"Balingen nur schwer zu besiegen"

Balingen, 25.11.1999 von Ralph Conzelmann

Die TSG trifft ihren "Ex": Balingen in Schönaich - Frank Elser feiert Wiedersehen mit seiner "alten" Mannschaft. Dennoch betont er: "Ein Spiel wie jedes andere."

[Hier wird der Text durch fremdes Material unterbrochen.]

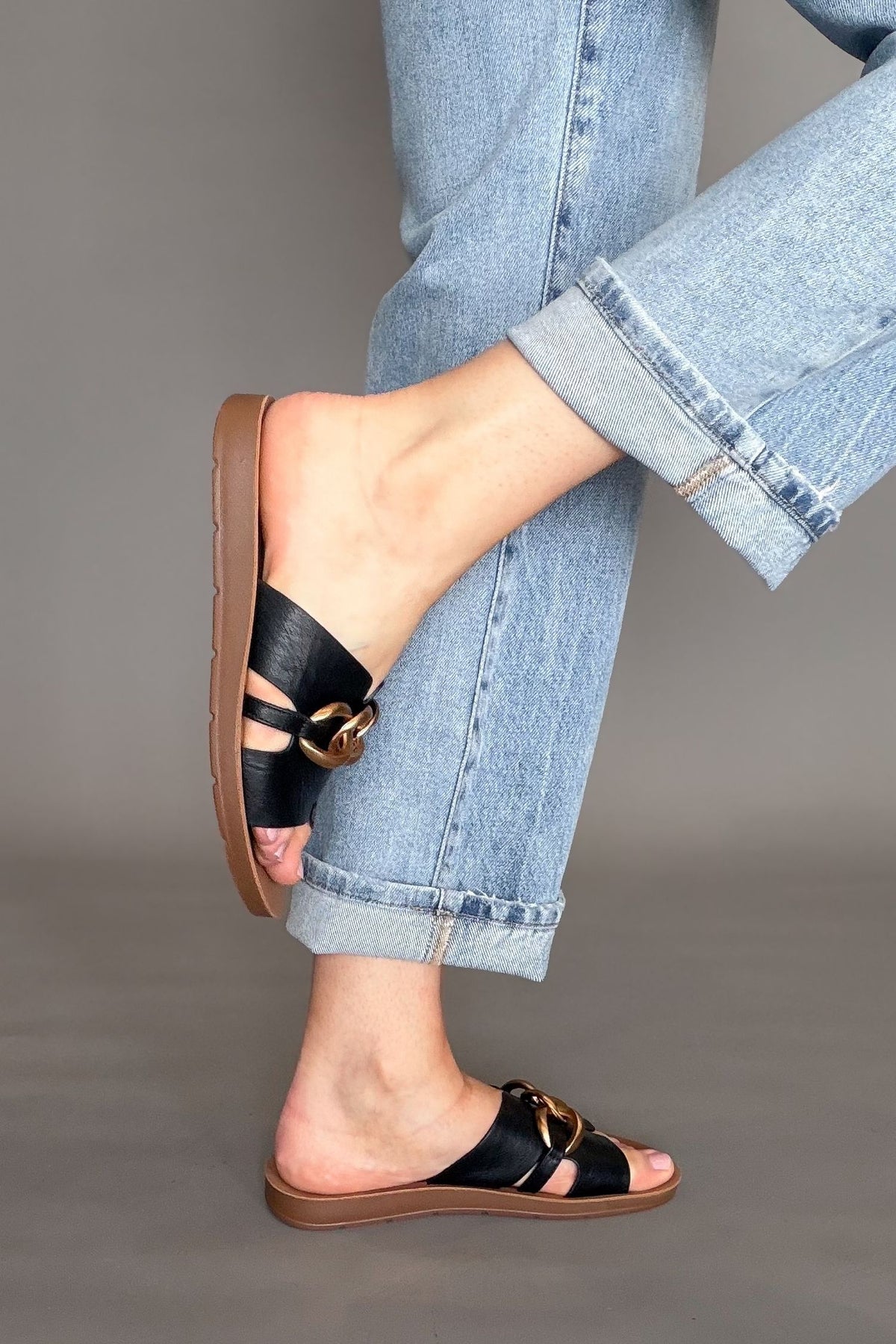 Corkys Chain Letter slide styled with denim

Bis zur Sommerpause stand der frühere Kickers-Profi auf der Kommandobrücke in der Kreisstadt. Auf eigenen Wunsch hin verließ er die Balinger, wollte eine schöpferische Pause einlegen. Der in Gärtringen wohnende Fußball-Trainer konnte schließlich nicht "Nein" sagen, als er wenige Spieltage nach Saisonstart eine Anfrage des TSG-Liga-Konkurrenten TSV Schönaich erhielt. Am Sonntag (14.30 Uhr) treffen die Schönaicher auf die TSG. Wir sprachen mit dem neuen Schönaicher Coach.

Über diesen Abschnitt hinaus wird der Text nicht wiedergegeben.